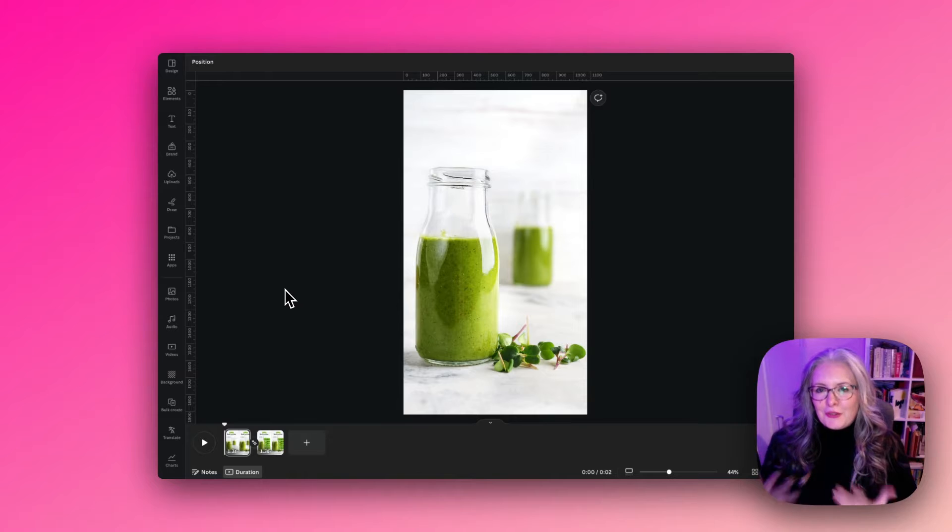If you haven't yet met, I'm Jules, your designer in your pocket, and I do love to share everything that you can do inside the Canva platform. As a professional designer, I love it and I am using it more and more. Let's get started.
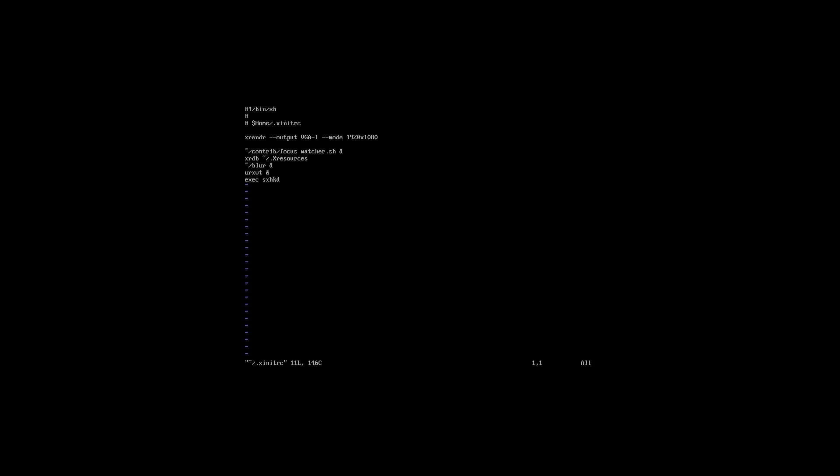Let's take a look at xinitrc. As I said before, this is the config file that decides what is going to run at the start of the X environment. On the first line we decide the resolution of the screen. Then we are running a script that is going to take care of the windows focusing. Because it has an AND sign at the end, it runs in the background.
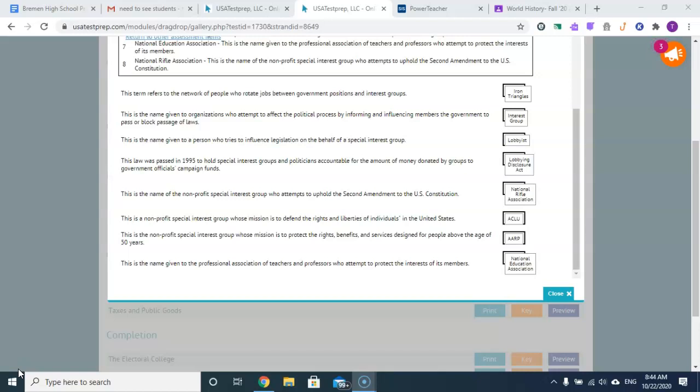This law was passed in 1995 to hold special interest groups and politicians accountable for the amount of money donated by groups to a government official's campaign funds. And that is the Lobbying Disclosure Act.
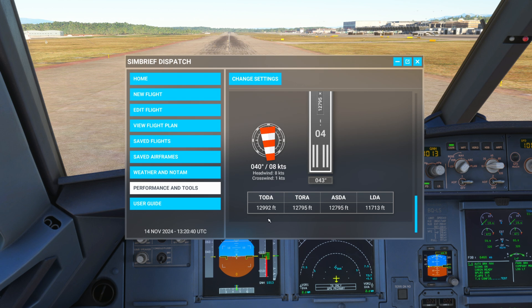Starting on the left side we have TODA — the Takeoff Distance Available. The takeoff distance available is the runway length, which is TORA, plus any additional clearway. The clearway is an open area beyond the runway that provides extra space for the initial climb after takeoff — not usable paved surface, but free of obstacles. Think of it like a safety buffer that allows the plane to keep climbing without any obstacles.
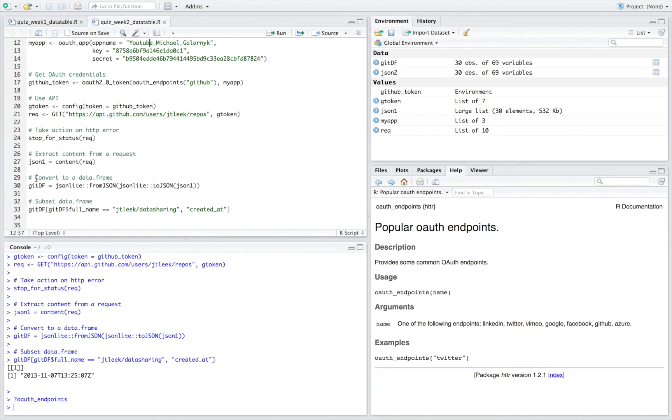And then down here, it's worth noting that after getting the JSON, I converted it to a data frame, and then I subset my data frame.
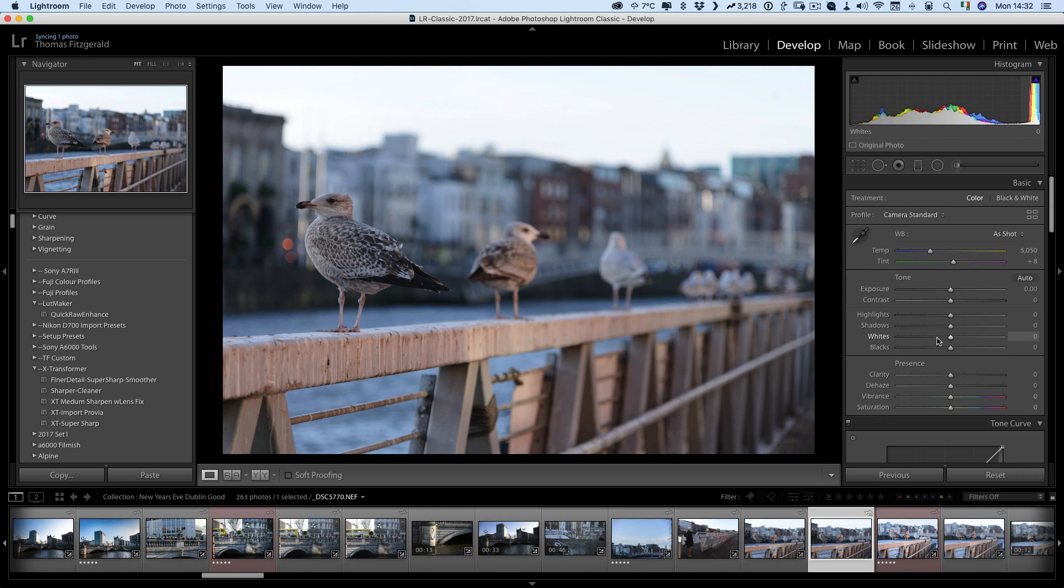And this will also apply when I import new images and anytime I import a new image that is taken with this camera it will have the settings that I just set. So like I said the big advantages of doing it this way over using a preset and then applying that preset on import is that when you hit the reset button it will actually reset to your new default settings that you've just set.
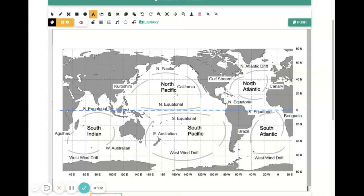All right. So now that you have your global ocean basins map taped into your notebook, let's take a look at it.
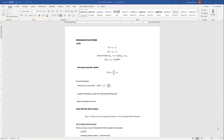Hello everyone. In the next several videos I'm going to be going through absolute equity valuation. In this first video I'm going to talk about estimating the cost of equity, or the required rate of return for equity for a firm. I'm going to go through several different methods on estimating the cost of equity.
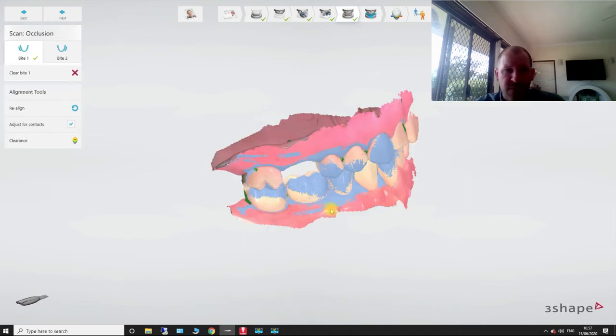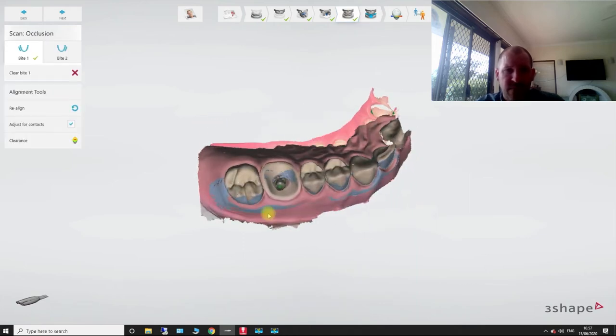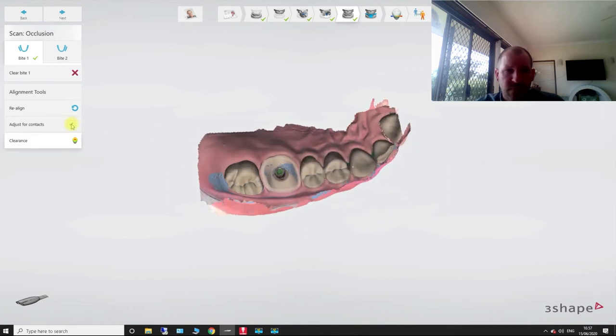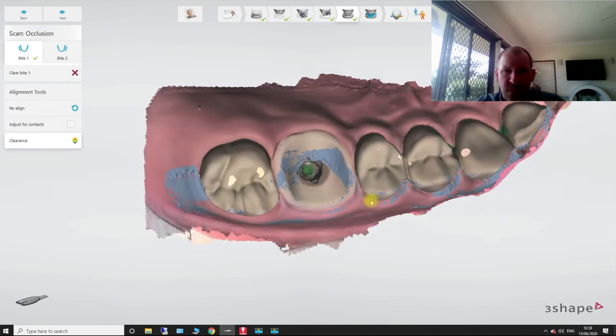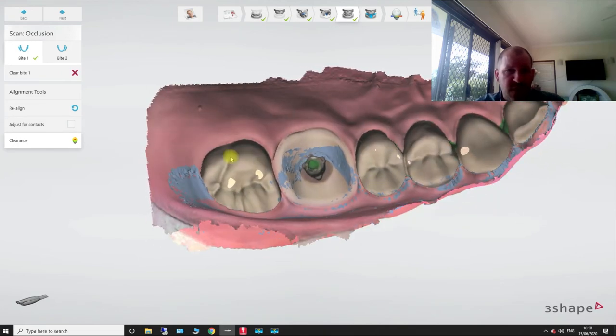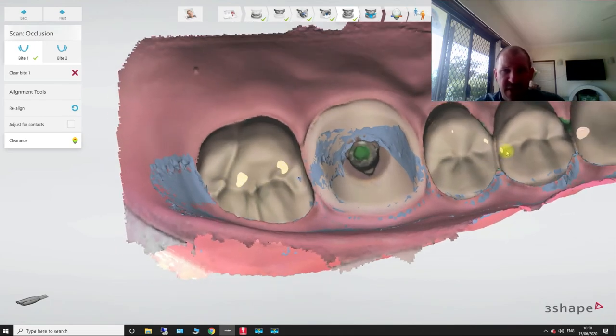I'm not going to do the live bite here. So there you go. So now that I've ticked this, adjust for contact, you can see our contacts are a lot heavier. Here, here, here, here.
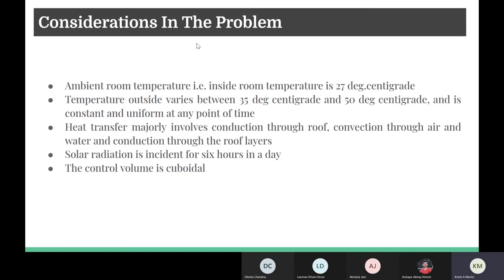Now the considerations in the problem. The most important assumption is that the ambient room temperature inside is taken to be 27 degrees Celsius, which is a normal room temperature. Second, the temperature outside varies from 35 degrees Celsius to 50 degrees Celsius, constant and uniform at any point of time. We have considered this temperature range to represent a hot and dry climate, for example New Delhi.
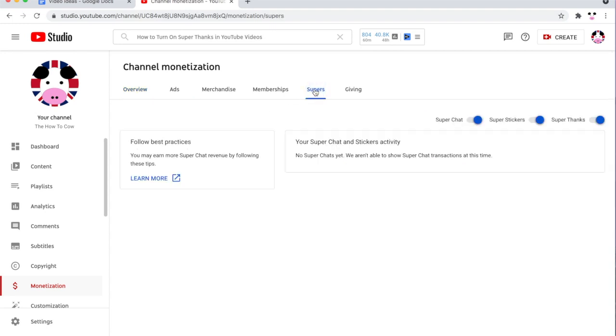Once you get to this page right here, you won't see something like this. You'll see like a form where you're going to need to fill out your name, your email, or potentially a few other details.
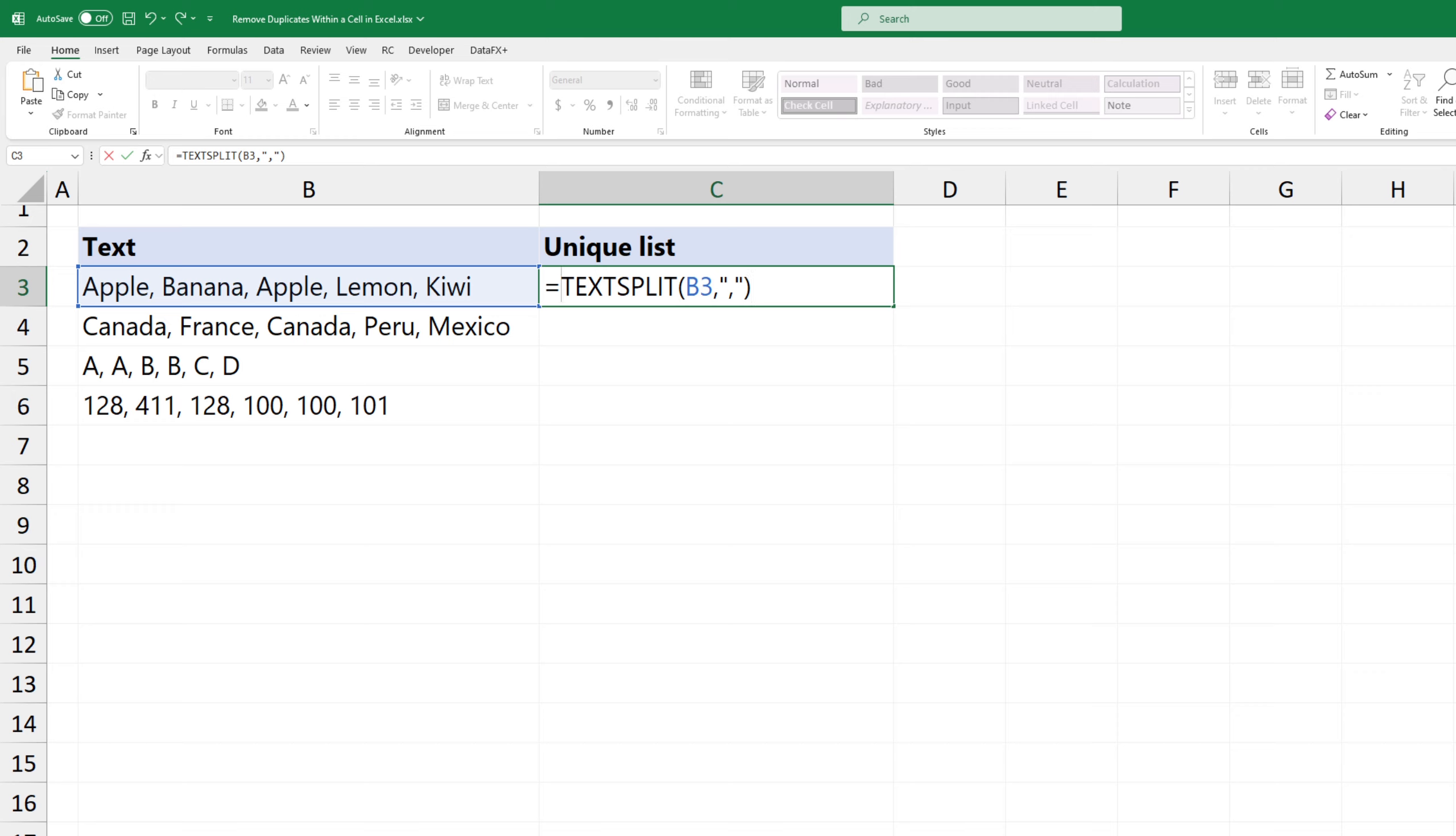To remove extra spaces from the start and end of each text string in the array, I'm using the trim function.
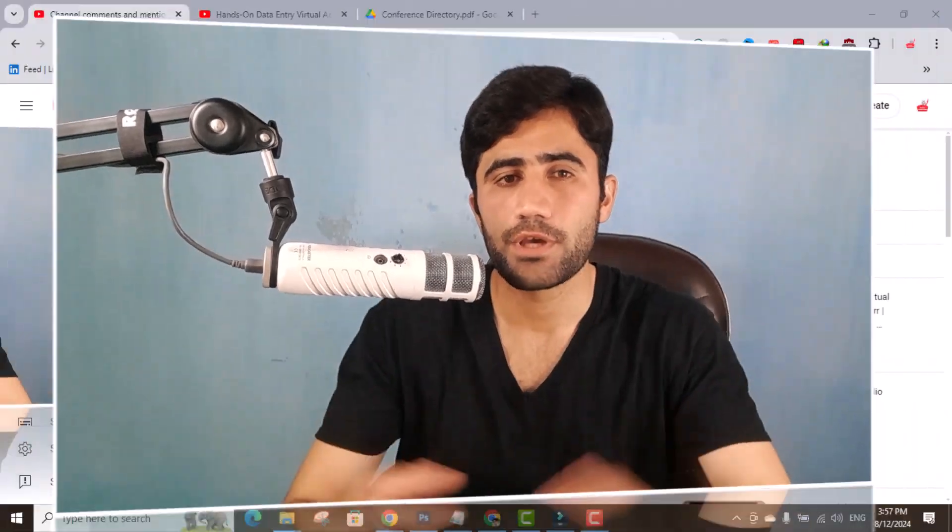Hi everyone, welcome back to Easy Mentor YouTube channel. In this video, I will be showing you how you can do data entry, web research, and lead generation with the help of ChatGPT.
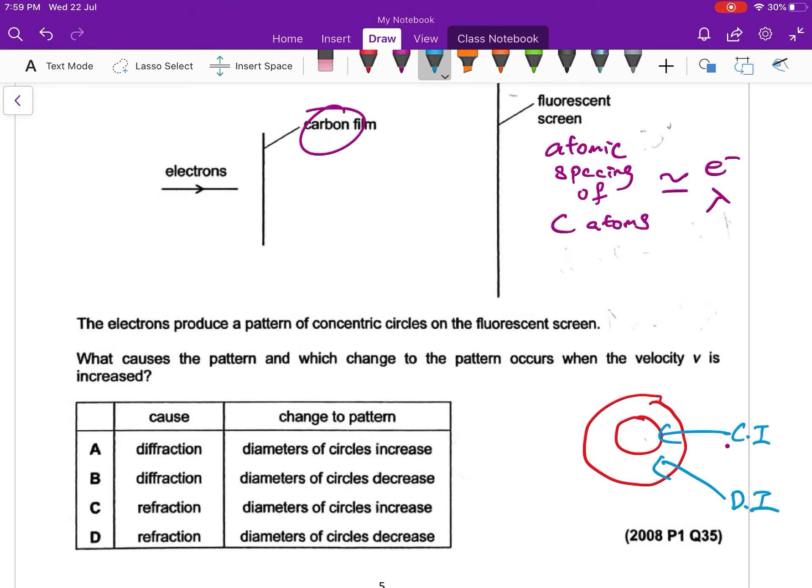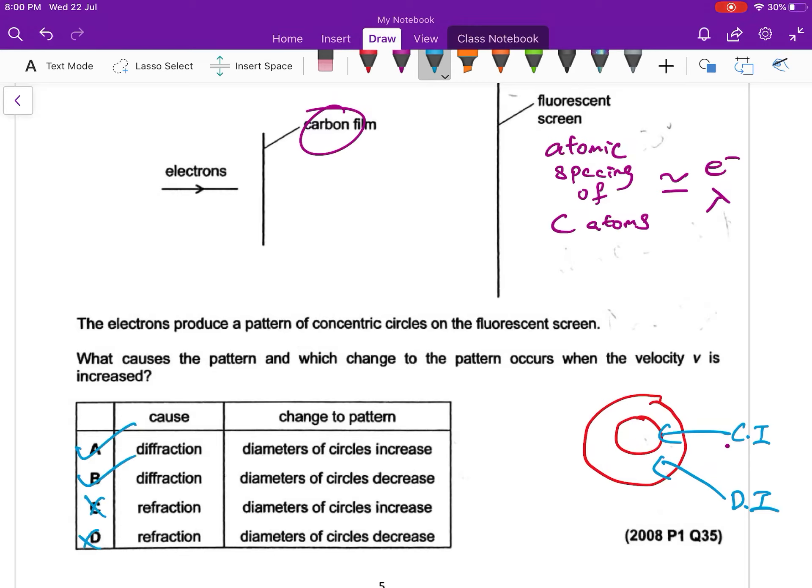So what causes the pattern? And which change to the pattern occurs when velocity V is increased? What is the cause of the concentric circle? This is diffraction. So A and B. C and D is what? Refraction is when light passes through into water or glass. That's called refraction.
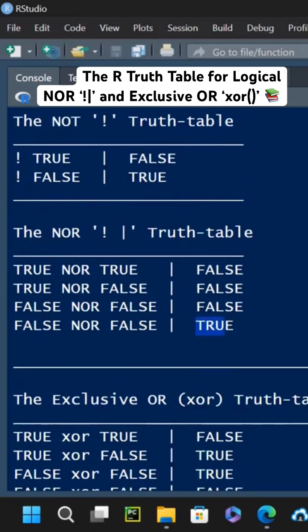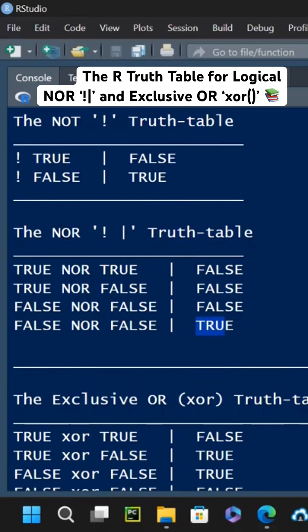So NOR is the opposite of the OR. Whatever OR returns, the NOT of that one is NOR. Not AND OR, but negation of OR.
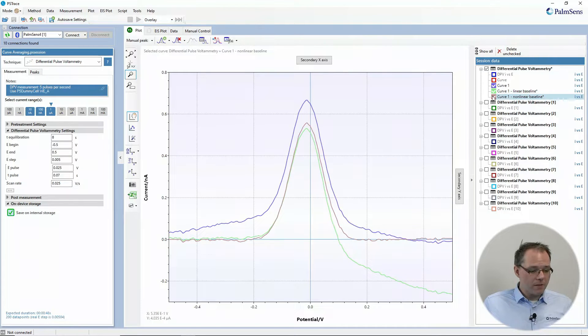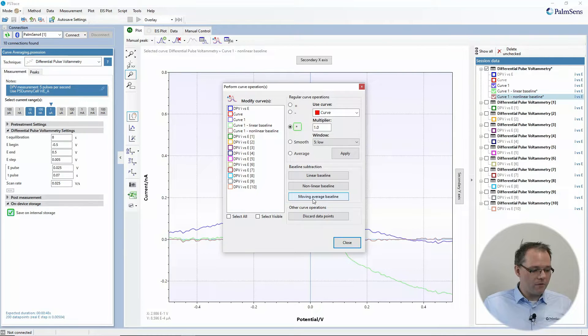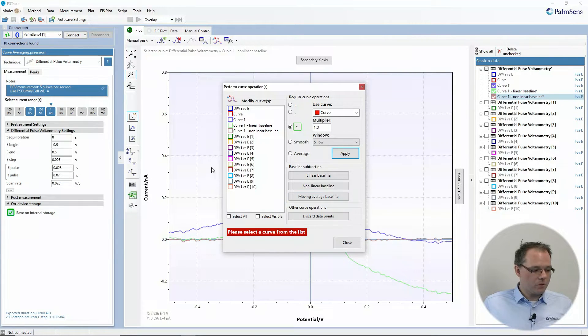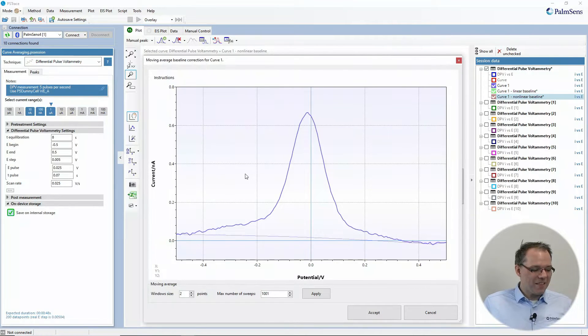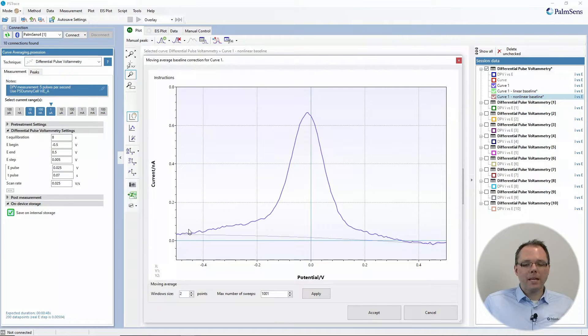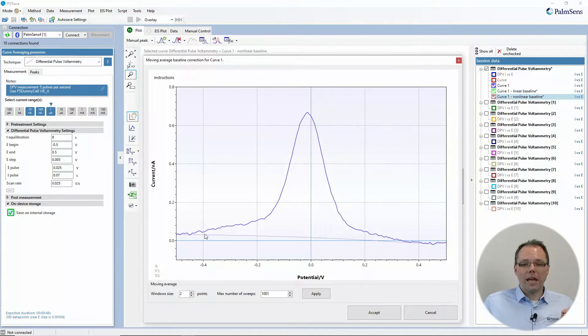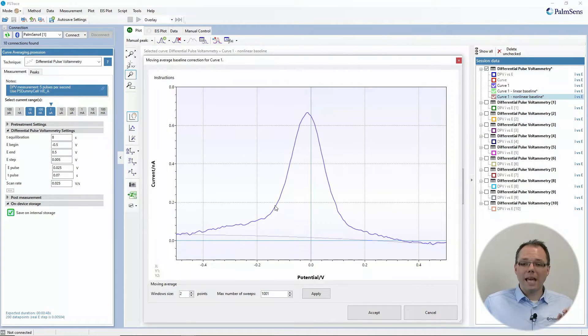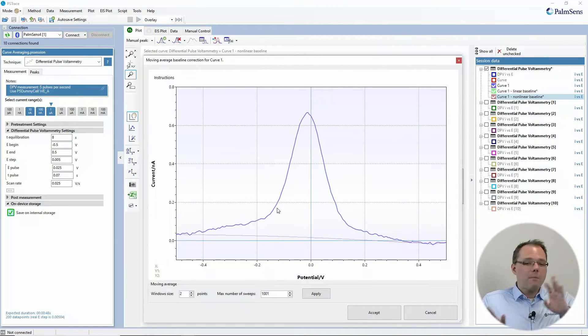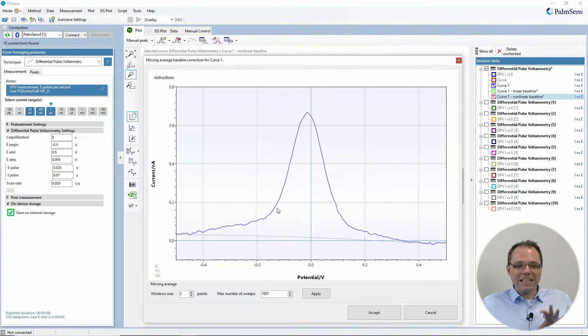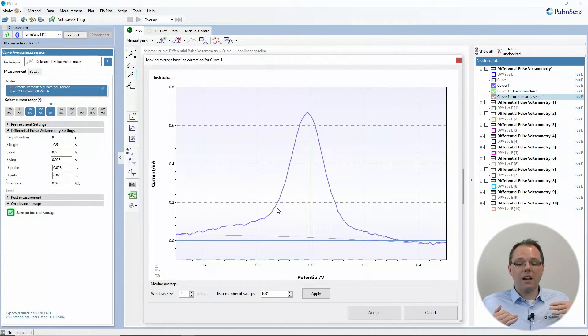And the last one that I would like to show you is the moving average baseline. Here what you do is, we basically make a baseline by averaging windows, point windows. So you can select how big that window is. You make averages, you compare the averages and then we're averaging the averages and comparing, etc. till we have completely got rid of the peaks and just are left with the line. The steeper a peak, the faster it will be dampened in that baseline.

::::

The expected output is the exact run of lines from the first line of the material above through the line that contains "All right. So", minus any pictures.

### EXERCISE ANSWER
If you haven't yet met, I'm Jules, your designer in your pocket, and I do love to share everything that you can do inside the Canva platform. As a professional designer, I love it and I am using it more and more. Let's get started.
Let's take a look at xinitrc. As I said before, this is the config file that decides what is going to run at the start of the X environment. On the first line we decide the resolution of the screen. Then we are running a script that is going to take care of the windows focusing. Because it has an AND sign at the end, it runs in the background.
This law was passed in 1995 to hold special interest groups and politicians accountable for the amount of money donated by groups to a government official's campaign funds. And that is the Lobbying Disclosure Act.
Starting on the left side we have TODA — the Takeoff Distance Available. The takeoff distance available is the runway length, which is TORA, plus any additional clearway. The clearway is an open area beyond the runway that provides extra space for the initial climb after takeoff — not usable paved surface, but free of obstacles. Think of it like a safety buffer that allows the plane to keep climbing without any obstacles.
And then down here, it's worth noting that after getting the JSON, I converted it to a data frame, and then I subset my data frame.
And this will also apply when I import new images and anytime I import a new image that is taken with this camera it will have the settings that I just set. So like I said the big advantages of doing it this way over using a preset and then applying that preset on import is that when you hit the reset button it will actually reset to your new default settings that you've just set.
All right. So now that you have your global ocean basins map taped into your notebook, let's take a look at it.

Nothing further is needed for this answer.